Now that President Obama and Hassan Rouhani have had their historic phone call — the first contact between U.S. and Iranian leaders since 1979 — one has to ask whether the United States has finally found the Iranian “moderate” it has sought for years.
Has a longtime regime insider morphed into that rarest of species — an Iranian moderate who can repair his country’s tortured relationship with the West? Not yet clear.
That is certainly the message Rouhani was at pains to sell at the United Nations and on every stop on his tireless charm offensive last month. Garbed in black robes and a white turban, he relentlessly repeated the word “moderation” to diplomats, U.S. publishers and business executives, think tankers and journalists.
Typical example: “Moderation and reason will guide my government,” he declared at the start of an invitation-only session I attended with members of the Council on Foreign Relations and the Asia Society. He repeated the term three more times in the first two minutes of his talk.
Before Rouhani finished speaking, as if to provide living proof of Iran’s moderate intent, Iran’s U.S.-educated foreign minister, Javad Zarif, rushed into the room. Flush with enthusiasm, he came directly from the conclusion of talks at the United Nations about “jump-starting” negotiations over Iran’s nuclear program, which, he said, could be completed within a year.
Zarif was nearly crushed by well-wishers and reporters who knew him from his years as Iran’s admired (and moderate) U.N. ambassador, before he was sidelined by Mahmoud Ahmadinejad, the former Iranian president. Zarif spoke of his historic half-hour bilateral “chat” with Secretary of State John Kerry, the first such high-level U.S.-Iranian contact in decades.
Yet Iranian professions of “moderation” tell us little until we see how that term is translated into behavior. The question is not whether Rouhani (or Zarif) is an “Iranian moderate.” It’s whether domestic and international concerns have convinced the president, and Iran’s supreme leader, Ayatollah Ali Khamenei, that Tehran must behave more pragmatically in order to survive and thrive.
Listening to Rouhani, despite his barrage of boilerplate phrases, I heard indications of the pressures that are driving Iran’s regime to at least contemplate real changes (although the proof of any new pragmatism will emerge only from Iranian actions, not words).

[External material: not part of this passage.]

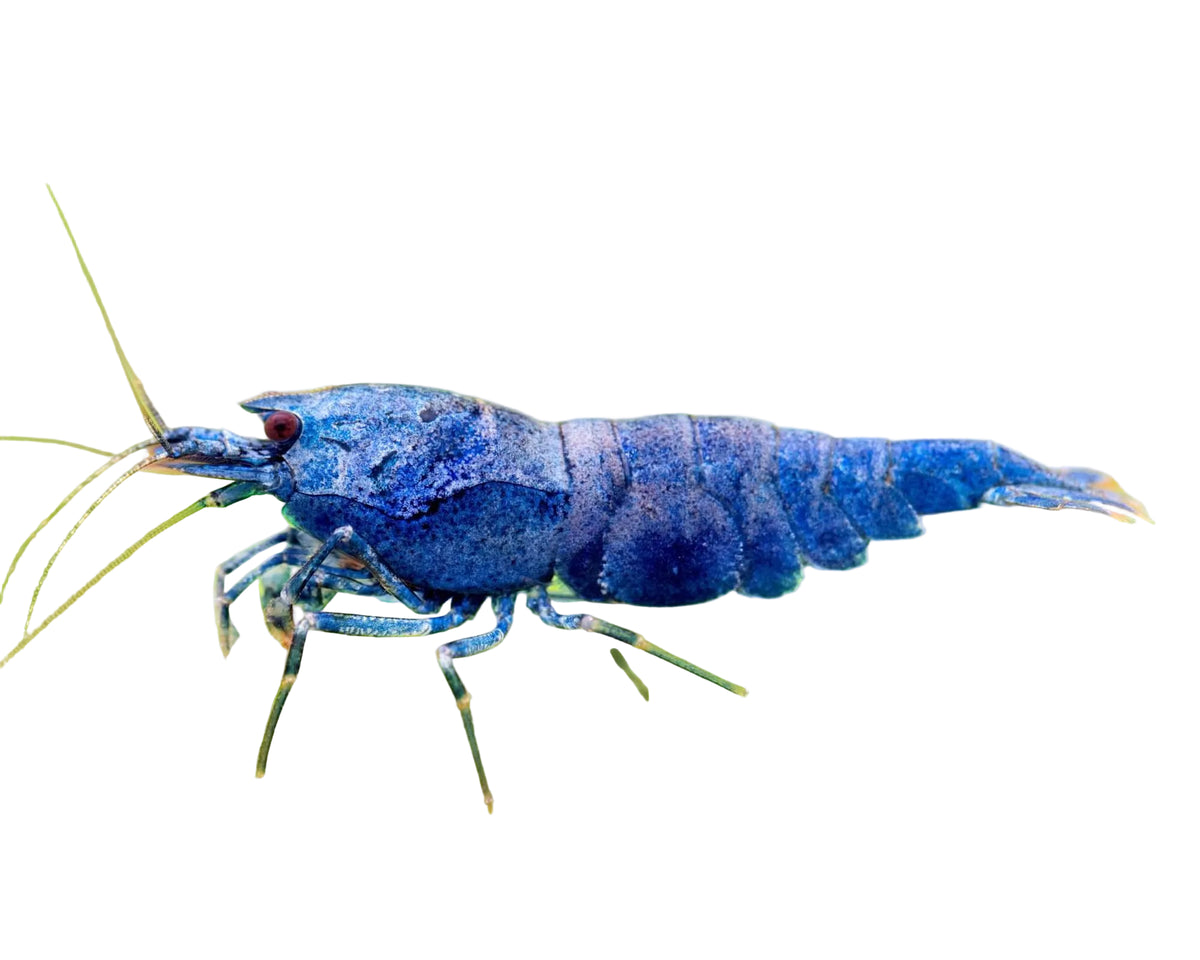 Deep Blue Bolt Shrimp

Iran’s president spoke of the strong election mandate he received and of “Iran’s well- educated youth,” who deserve to see Iran play “a major role at the global level.” He talked of “rebuilding relations with the countries of Europe and North America,” including economic ties (earlier he had met with a half-dozen U.S. business leaders). We “can begin by avoiding any new tensions in the Iran-U.S. relationship,” he said.

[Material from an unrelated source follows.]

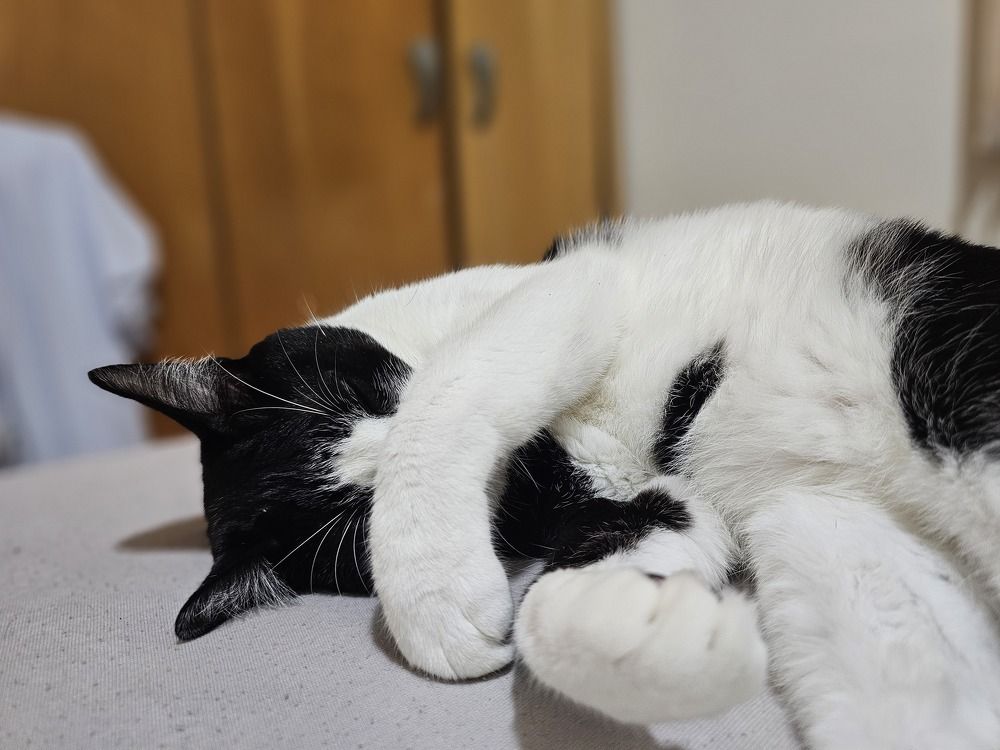 Фотография автора Elaine Almeida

Clearly, the Iranian leader recognizes that his country’s youthful population is impatient with harsh restrictions imposed during the Ahmadinejad era. He knows he was elected by a youth vote, which exploded into protest after the 2009 elections were fixed. Those young people want jobs, Facebook and Twitter.
Rouhani also knows that Iran’s economy will remain crippled under onerous international and U.S. sanctions until it can resolve global suspicions that it is building a nuclear-weapons capacity. There is no way he can satisfy his public’s aspirations so long as sanctions choke Iran’s oil revenue and economic growth.

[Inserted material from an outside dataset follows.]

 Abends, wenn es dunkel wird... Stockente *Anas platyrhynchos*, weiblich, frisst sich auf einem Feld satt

Yet sanctions won’t disappear unless and until the regime drops its past determination to retain the ethos and behavior patterns of the Iranian revolution, which have kept Iran isolated from much of the world. So my ears perked up when Rouhani said his mandate called on him to find a “balance between realism and the ideals of the Islamic Republic of Iran.”
Perhaps it’s time, he seems to be saying, for Iran to move on.
And yet, when it comes to Iran’s behavior in the region, Rouhani’s pledges of pragmatism ring hollow. True, there is an improvement over Ahmadinejad’s anti-Israel bombast and Holocaust denial. But when Rouhani says Iran wants to “discard extremism in relations with other states,” one can only sigh.
So long as Tehran arms the Bashar al-Assad regime, so long as it sends Iranian Revolutionary Guard fighters and Lebanese Hezbollah proxies to fuel Syria’s sectarian slaughter, Iran will be viewed as an outlier by most Middle East Arabs. So long as the regime views the region and the world primarily through the prism of its Shiite history and religion, it will create suspicion about its aims.
From Rouhani, we hear the words of a pragmatist who wants his country to take its rightful place in the world. But that will require a degree of Iranian realism on the ground that we have yet to witness. At that point, we could say we have found the “moderates” in Iran.